The clearest indicator is whether they are actively browsing job listings. Some people “fantasy browse” — the job search equivalent of window shopping — but most people going through the arduous process of sifting through open roles are looking for the next step in their career.
However, especially for people in the middle of their careers, the desire for new work starts long before they visibly arrive “on the market.” Many people reach a stage where they consider other options without actively sending out their resume. For recruiters, this before-market talent is extremely valuable; reaching out to these individuals at the right moment, in the right way, can prevent them being courted by competitors.
To date, hirers have relied on correlative signals to identify before-market talent. That is, they know that some metrics correlate with being open to new work — occupying a role for more than a year, or a higher than usual level of LinkedIn activity. That said, the data scientist’s axiom rings true: correlation is not causality. Sometimes, these metrics point recruiters to the right people. Other times, they fail to and instead produce many dead-end leads.
Pallet’s Talent Collectives represent a much more definitive, concrete solution to this problem. Rather than the scattered signals of platforms like LinkedIn and Indeed, Talent Collective members explicitly identify and update their interest in new work. That way, when businesses recruiters purchase a Collective’s Drop (explained below), they receive a list of candidates who are open to discussions.
Like all of Pallet’s offerings, Talent Collectives rely on strong, trusted relationships developed within digital communities. Talent Collectives are made up of collections of professionals sourced from individual communities, curated by community leaders. That can mean a Slack or Discord channel, a Substack author’s audience, a LinkedIn thought leader’s network, a DAO’s members, or any other gathering of like-minded people.
Membership criteria varies by Collective. Some curators take an invite-only approach, while others use an application system, and some take a radically open approach, accepting anyone who’s interested. But regardless of their intake criteria, all Collective members identify how open they are to new work.
To gain access to Collective members, businesses and recruiters pay a subscription fee. This gives them the ability to request introductions to any member of the collective who has marked themselves "open to work". Instead of rolling the dice on dubious LinkedIn metrics, this gives businesses a bona fide list of people who are at least willing to discuss new opportunities. Each collective is replenished bi-weekly or monthly with fresh candidates from the community of the collective runner.
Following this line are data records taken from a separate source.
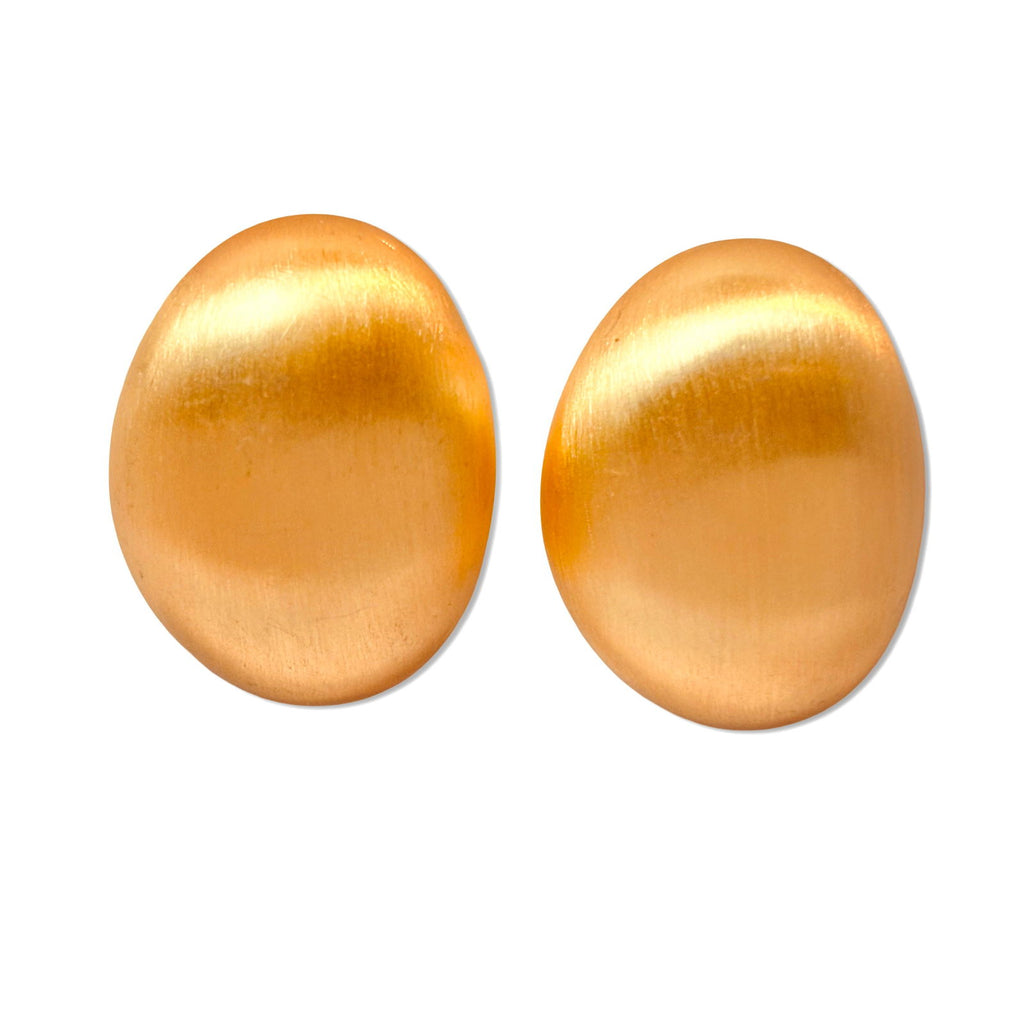 Close-up of flat-lay smooth oval surface with reflective finish - dainty chic minimalist elegant gold plated earrings - hypoallergenic anti‑tarnish waterproof nickel‑free lead‑free gold plated earrings - scratch‑resistant fade‑resistant water‑resistant gold plated earrings 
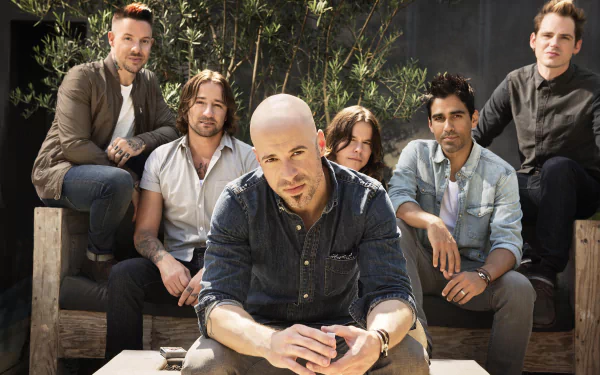 HD wallpaper featuring a group of musicians posing casually outdoors, with a prominent individual seated at the forefront.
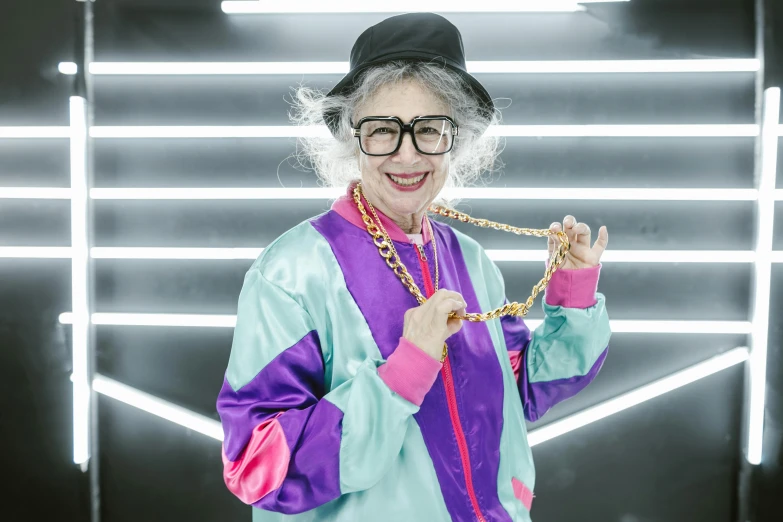 a woman standing in front of a neon light, trending on pexels, neo-dada, dressed as a judge's robes, elderly woman, wearing a track suit, wearing a chain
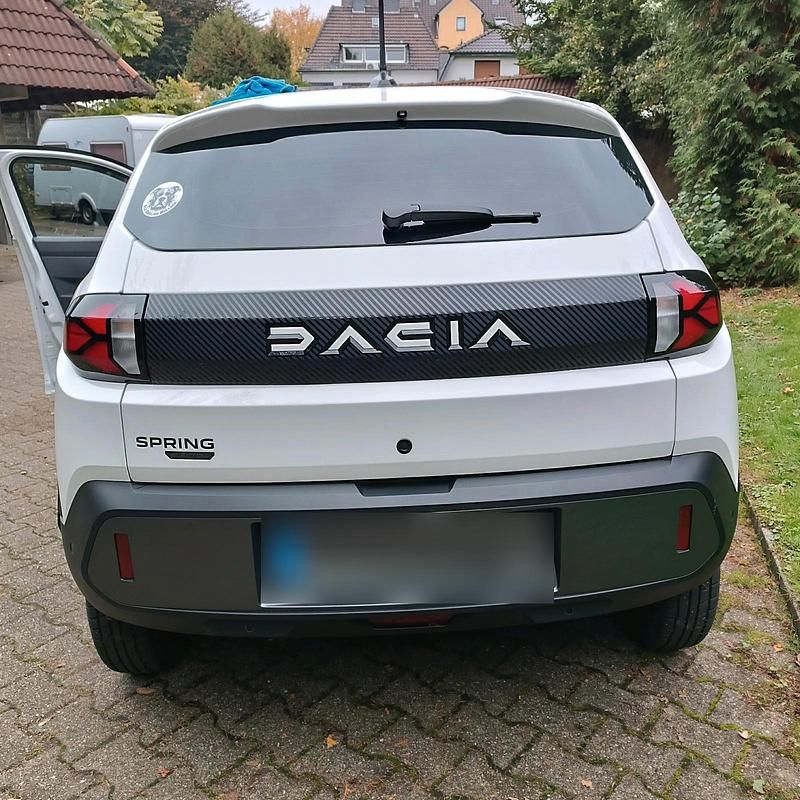 Gebraucht Dacia Spring Expression 44 kW (61 PS) 2025 Weiß Kleinwagen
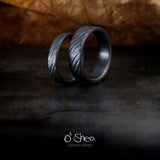 Rough black wedding rings
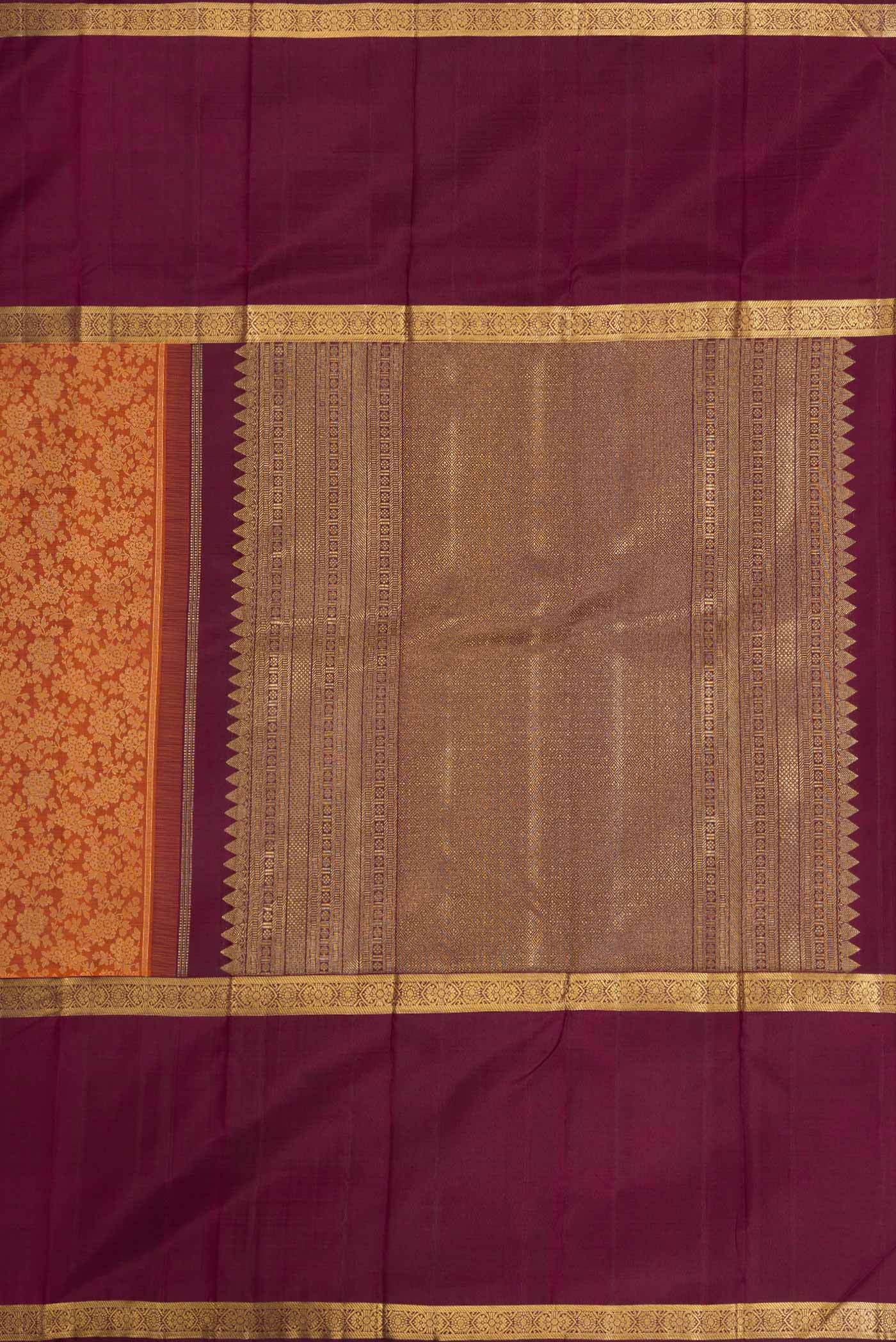 Close up image of the pallu of Brick Orange Dual Tone Kanchipuram Silk Saree with Jacquard design on the body and Zari Border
In many cases, the candidates you see in a collective will not have signaled their willingness to move anywhere else in their collection of online profiles.
For more on the ins and outs of Talent Collectives, click here.
At the moment, there’s no other way for currently employed people to publicly signal that they’re looking for new work. Freelancing platforms like Upwork have this feature, because having multiple clients is built into the freelance model. But on platforms like LinkedIn, where members are often fully employed or hoping to be, such a feature would mean bad optics.
Plus, because Talent Collectives consist of people from like-minded communities, they tend to be more invested in each other’s success than isolated members of mega-job boards. If they see a role that’s perfect for a fellow member they know, trust, and can tell is open to new work, it facilitates a recommendation that would otherwise be impossible.